This adds a new group of action in the interactive mode to fix a csum
mismatch.

The output looks like this:

  logical=13631488 corrtuped mirrors=1 affected files:
    (subvolume 5)/foo
    (subvolume 5)/dir/bar
  <<I>>gnore/<1>:1
  Csum item for logical 13631488 updated using data from mirror 1

In the interactive mode, the update-csum-item behavior is outputted as
all available mirror numbers.

Considering all the existing (and future) action should starts with an
alphabet, it's pretty easy to distinguish mirror number from other
actions.

The update-csum-item action itself is pretty straight-forward, just read
out the data from specified mirror, then calculate a new checksum, and
update the corresponding csum item in csum tree.

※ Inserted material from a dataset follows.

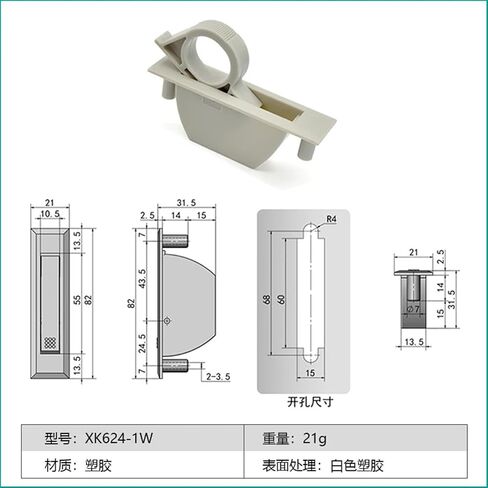 XK624 Rotating Cabinet Concealed Folding Pull Handle Same Handles 67-25 1Pcs(XK624-1B) in Saudi Arabia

Signed-off-by: Qu Wenruo <wqu@suse.com>
---
 cmds/rescue-fix-data-checksum.c | 119 +++++++++++++++++++++++++++++---
 kernel-shared/file-item.c       |   2 +-
 kernel-shared/file-item.h       |   5 ++
 3 files changed, 114 insertions(+), 12 deletions(-)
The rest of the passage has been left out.